I am trying to remove rows that have offsetting values.
library(dplyr)
a <- c(1, 1, 1, 1, 2, 2, 2, 2,2,2)
b <- c("a", "b", "b", "b", "c", "c","c", "d", "d", "d")
d <- c(10, 10, -10, 50, 20, -20, 60, 30, -30, 70)
o <- c("A", "B", "C", "D", "E", "F", "G", "H", "I", "J")
df <- tibble(ID = a, SEQ = b, VALUE = d, OTHER = o)
Generates this ordered table that is grouped by ID and SEQ.
> df
# A tibble: 10 x 4
ID SEQ VALUE OTHER
<dbl> <chr> <dbl> <chr>
1 1 a 10 A
2 1 b -10 B
3 1 b 10 C
4 1 b 50 D
5 2 c -20 E
6 2 c 20 F
7 2 c 60 G
8 2 d -30 H
9 2 d 30 I
10 2 d 70 J
I want to drop the row pairs (2,3), (5,6), (8,9) because VALUE negates the VALUE in the matching previous row.

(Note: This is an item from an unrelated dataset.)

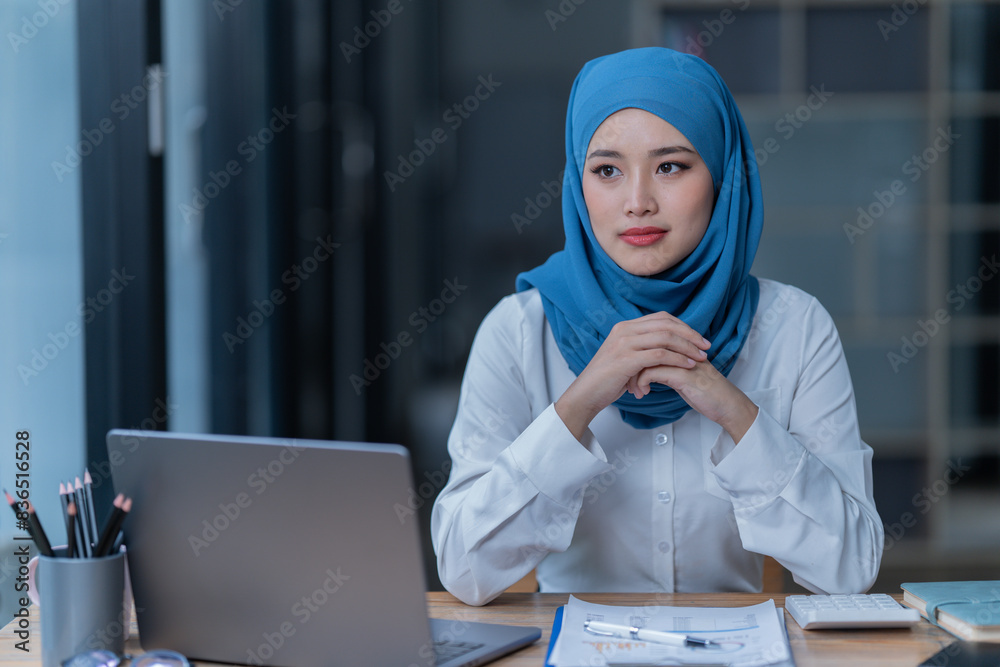 A female Arab entrepreneur is diligently working in her office, utilizing her laptop and documents to accomplish her tasks with contentment. A female Arab entrepreneur is diligently working in her office, utilizing her laptop and documents to accomplish her tasks with contentment.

I want the resulting table to be
> df2
# A tibble: 4 x 4
ID SEQ VALUE OTHER
<dbl> <chr> <dbl> <chr>
1 1 a 10 A
2 1 b 50 D
3 2 c 60 G
4 2 d 70 J
I know that I can't use group_by %>% summarize
, because I need to keep the value that is in OTHER. I've looked at the dplyr::lag()
function but I don't see how that can help. I believe that I could loop through the table with some type of for each
loop and generate a logical vector that can be used to drop the rows, but I was hoping for a more elegant solution.
Unless I completely misunderstood your question, does this do the job?
idx <- which(diff(cumsum(df$VALUE)) < 0);
df[-c(idx, idx + 1), ];
## A tibble: 4 x 4
# ID SEQ VALUE OTHER
# <dbl> <chr> <dbl> <chr>
#1 1 a 10 A
#2 1 b 50 D
#3 2 c 60 G
#4 2 d 70 J